XVIe s. L'affaire ne sut estre menée si secretement, que quelque valet ne le vit entrer là-dedans un jour de jeune, et le rendist [rapportât] au lieu où il ne fut celé à personne, Marguerite de Navarre, Nouv. XX. J'ay estudié à rendre fidelement ce que l'autheur a voulu dire, Amyot, Épit.

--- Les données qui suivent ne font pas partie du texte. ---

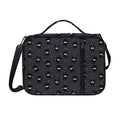 Little Ninja Pattern Print Shoulder Strap Bible Bag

Chascune de ces parts pouvoit rendre à son maistre par chascun an soixante et dix minots d'orge, Amyot, Lyc. 12. Il ne defendoit de combats à ses citoyens, si non ceulx ès quelz on tend la main, c'est à dire où l'on se rend, Amyot, ib. 40. Les premieres filles qui furent rendues et vouées à cette religion [vestales] par Numa furent Gegania et Verenia, Amyot, Numa, 17. Ces armes rendoient un son qui donnoit quelque frayeur à l'ouir, Amyot, P. Aem. 56. Artemidorus promit à Lucullus, s'il le vouloit croire et suivre, qu'il le rendroit en un lieu fort et seur pour y loger son camp, Amyot, Lucul. 28. Sur la place à laquelle se rendent et aboutissent tous les grands chemins de l'Italie, Amyot, Galba, 30. Puis [Gargantua s'éveillant]… rendoit sa gorge [expectorait], baisloit, crachoit, toussoit…, Rabelais, I, 3. Rendre son païs entre les mains d'un tyran, Montaigne, I, 4. Rendre une place, Montaigne, I, 54. Rendre [accomplir] les vœux [qu'on a voués], Montaigne, I, 19. Il jecta dans ce qu'elle rendit [vomit] une espingle tortue, Montaigne, I, 100. Rendre tesmoignage d'une chose, Montaigne, I, 103. Se rendre à la verité, Montaigne, I, 167. Se rendre à la raison, Montaigne, II, 70. Rendre la gorge [vomir], Montaigne, I, 184. Rendre l'ame, Montaigne, I, 243. Ce pacquet lui ayant esté rendu pendant son souper…, Montaigne, II, 43. Mon pourpoint estoit taché du sang que j'avois rendu, Montaigne, II, 54. Les assiegeans gagnerent le fond des fossez par mines qu'ils rendirent [poussèrent] jusques dessous le rempart, D'Aubigné, Hist. I, 27. Cette grande armée ne rendit combat qui vaille, D'Aubigné, ib. II, 317. Si la sangsue est maniée à main nue, elle se rend desdaigneuse et despiteuse, et ne veut pas mordre, Paré, XV, 69. Qui a appris à prendre, sçait tard que c'est de rendre, Cotgrave Le rendre fait mal à la gorge, Leroux de Lincy, Prov. t. II, p. 331. Qui prent doibt rendre, ou l'enfer attendre, Leroux de Lincy, ib. p. 403. Je blasme vostre inconsideration [de Henri IV] à vous jeter aux perils sans besoin ; cela seroit supportable à un jeune homme qui n'auroit jamais rendu preuve de son courage, Sully, Mém. t. IV, p. 159.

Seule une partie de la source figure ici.